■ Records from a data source
____________
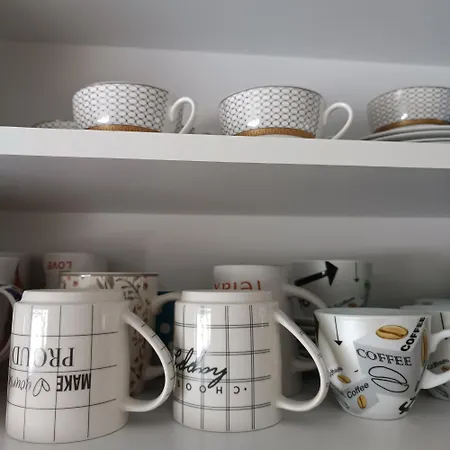 Ellena アパート *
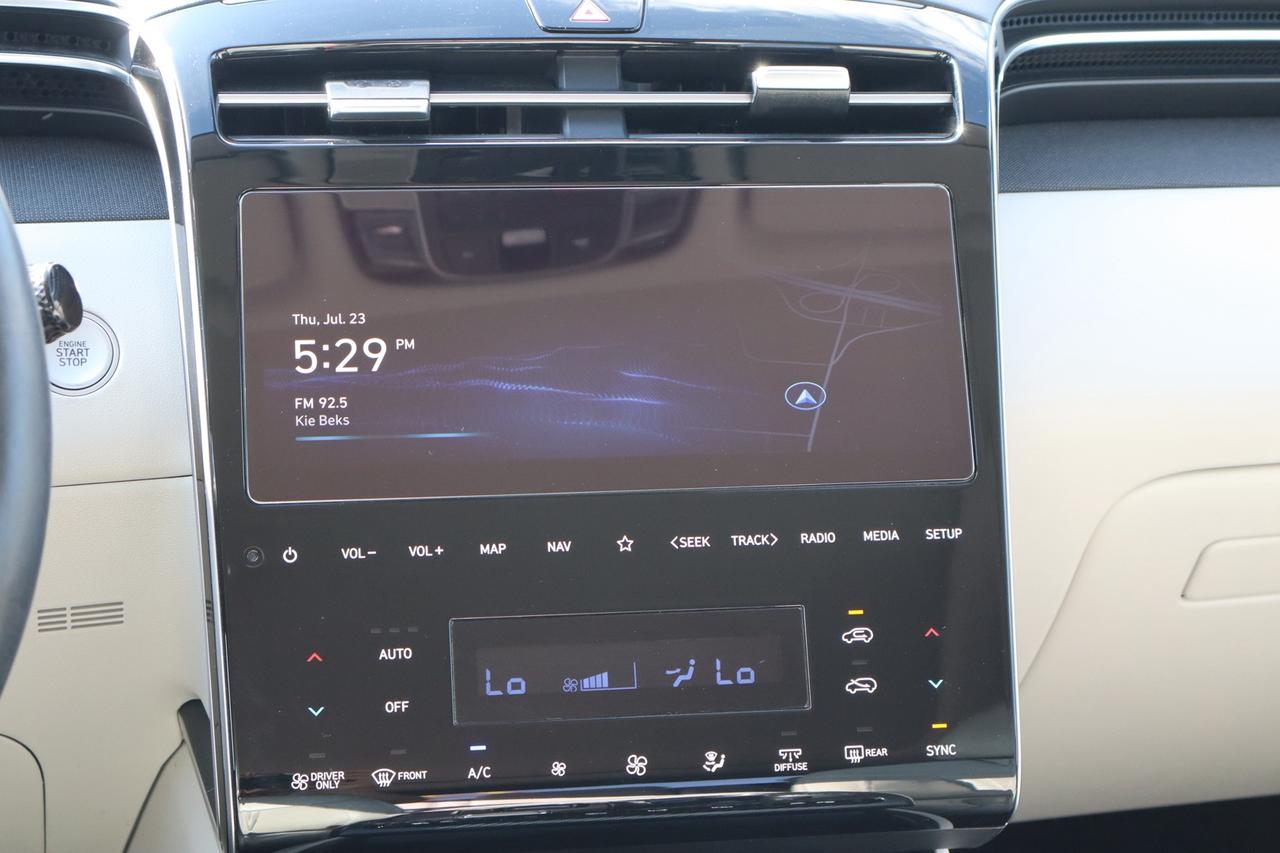 2024 Hyundai Tucson Hybrid ULTIMATE Hybrid AWD   No Accident   Loaded   Clean Photo
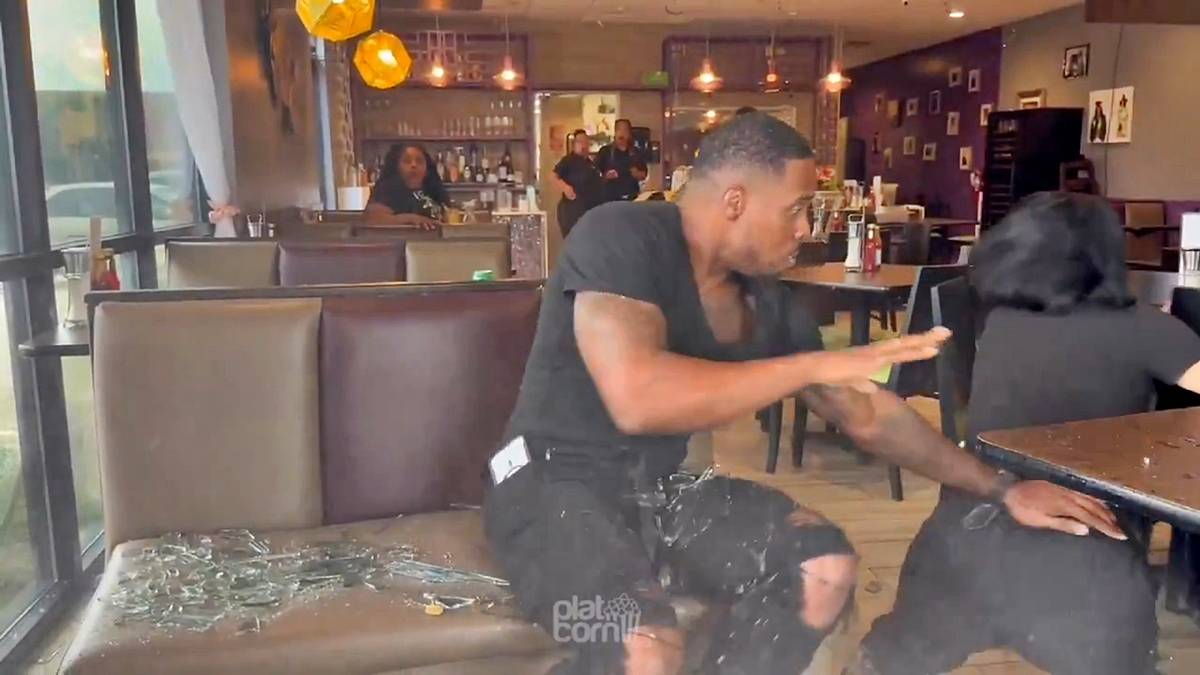 hamburger-yerken-araba-carpti-3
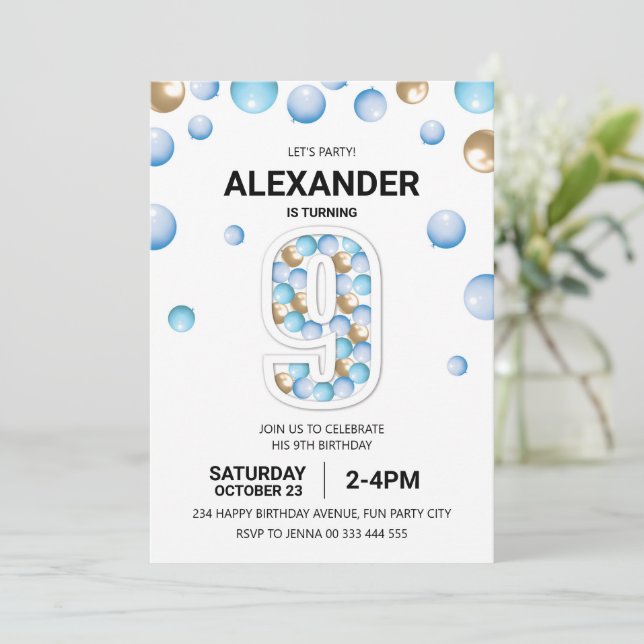 Invitation 9e fête d'anniversaire, Blue and Gold Balloon Boy (Debout devant)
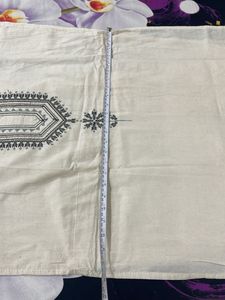 Elegant unstich  Embroidered Kurta
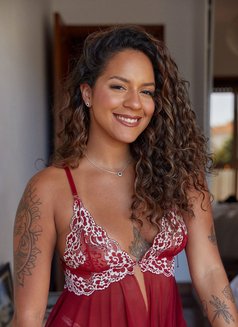 MORENA - masseuse in Lisbon Photo 2 of 6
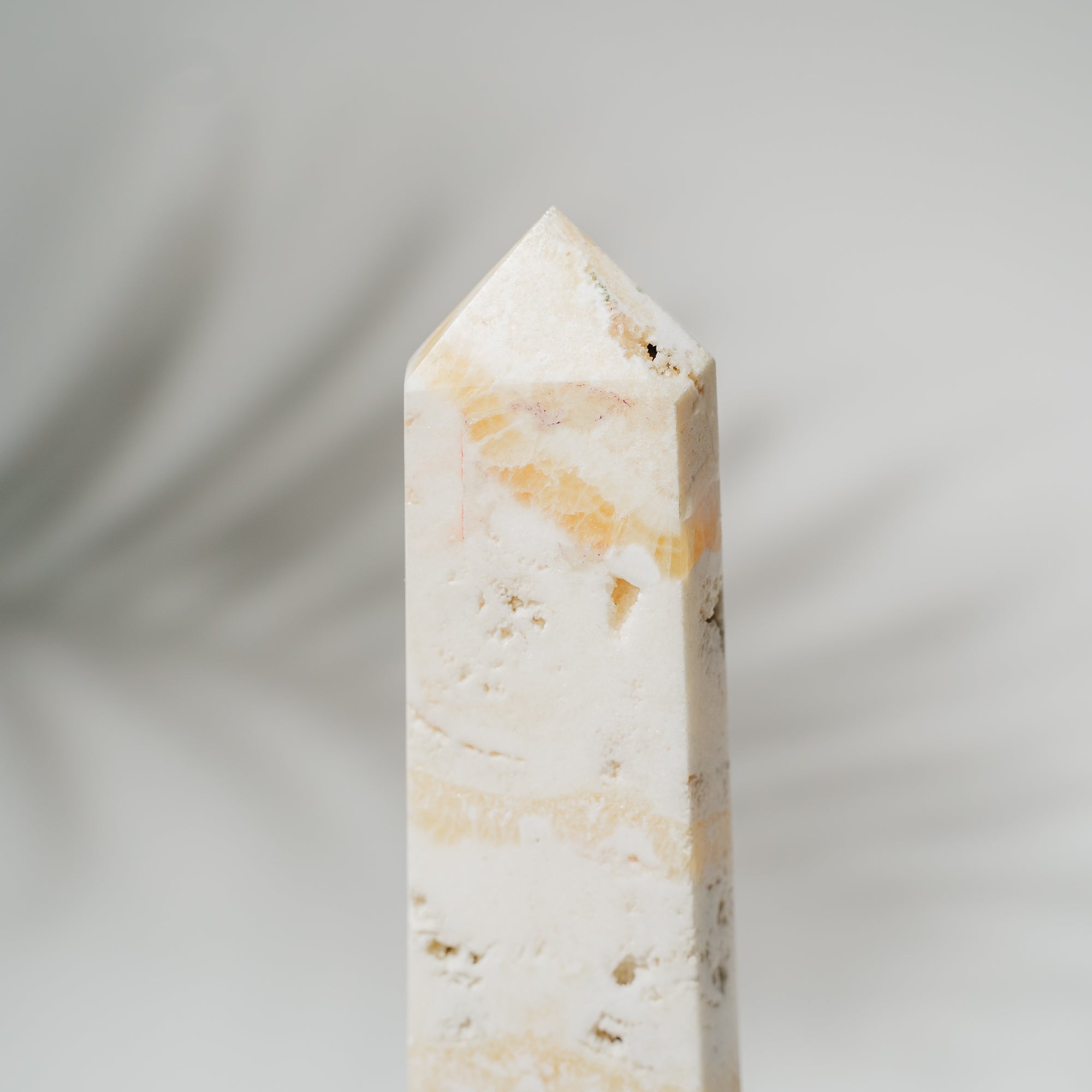 Orangen Calcit Turm 92C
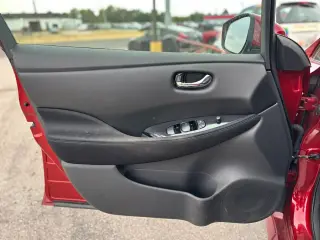2018 NISSAN LEAF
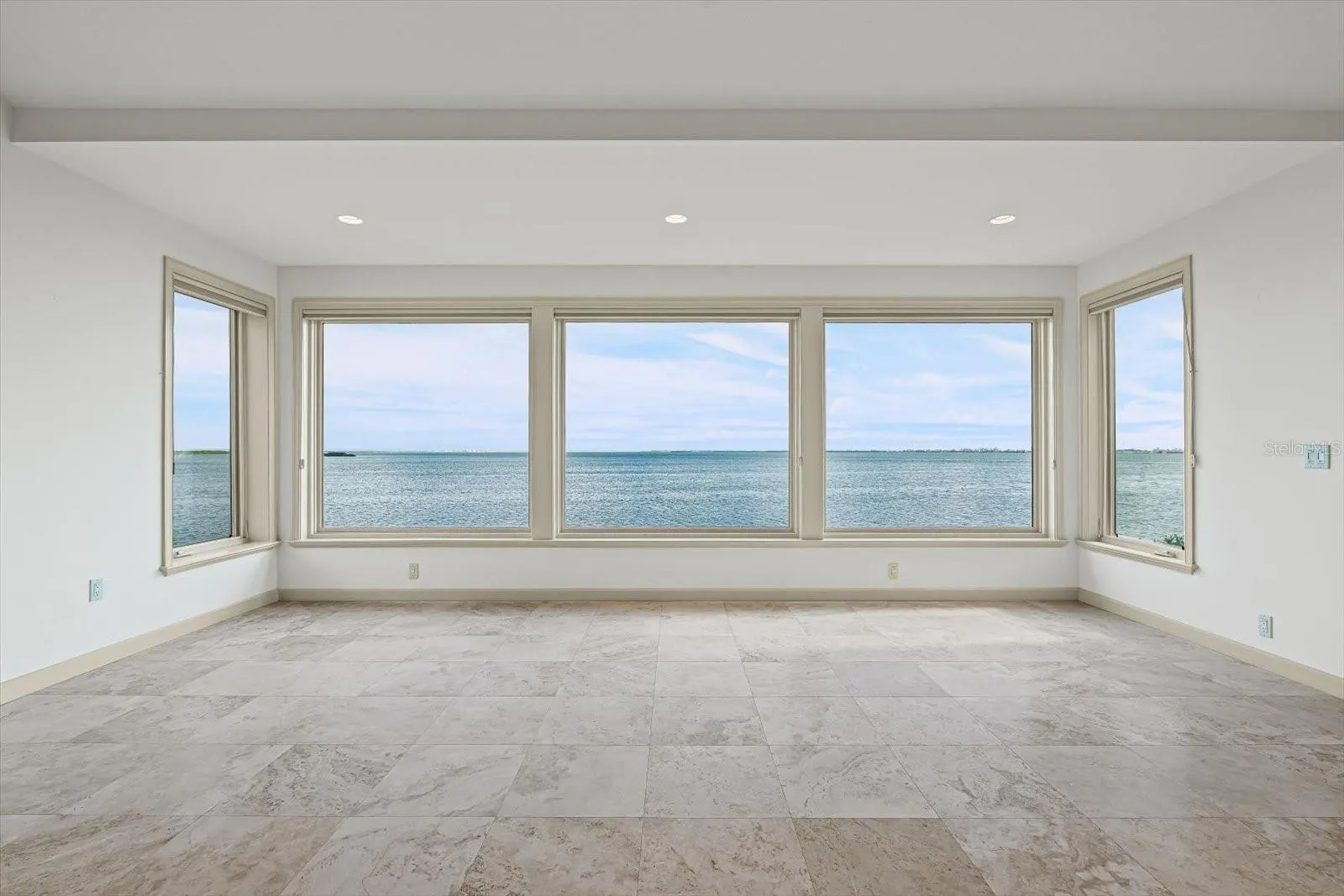 24 TIDY ISLAND BLVD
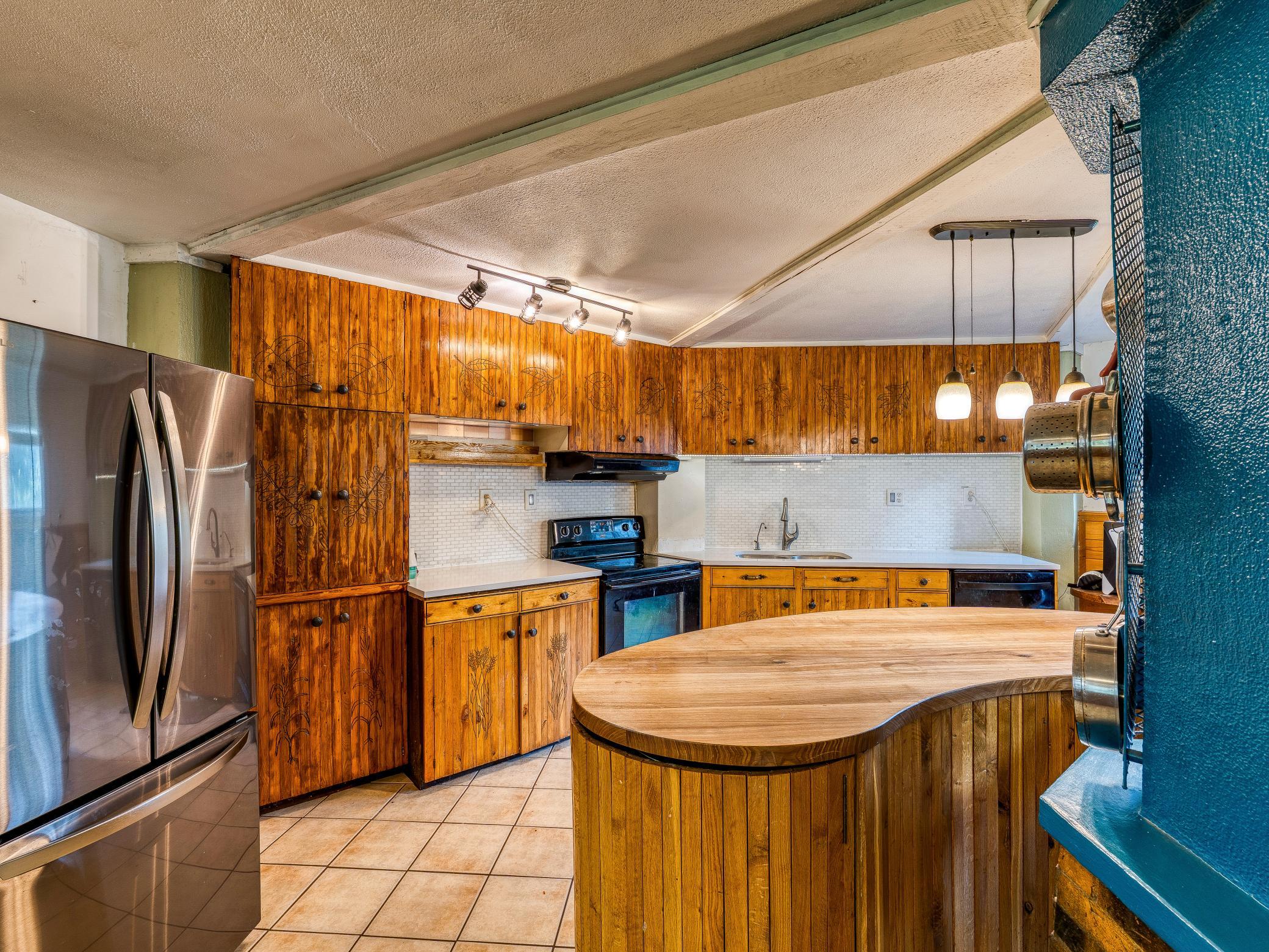 1978 single family home for sale at 11081 Hillcrest Drive NE in Bemidji, MN — 4 bed, 2 bath (photo 9 of 69)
____________
■ Work instructions
Could you transcribe every entry above exactly, leaving out the images?

■ Worked solution
 Ellena アパート *
 2024 Hyundai Tucson Hybrid ULTIMATE Hybrid AWD   No Accident   Loaded   Clean Photo
 hamburger-yerken-araba-carpti-3
 Invitation 9e fête d'anniversaire, Blue and Gold Balloon Boy (Debout devant)
 Elegant unstich  Embroidered Kurta
 MORENA - masseuse in Lisbon Photo 2 of 6
 Orangen Calcit Turm 92C
2018 NISSAN LEAF
 24 TIDY ISLAND BLVD
 1978 single family home for sale at 11081 Hillcrest Drive NE in Bemidji, MN — 4 bed, 2 bath (photo 9 of 69)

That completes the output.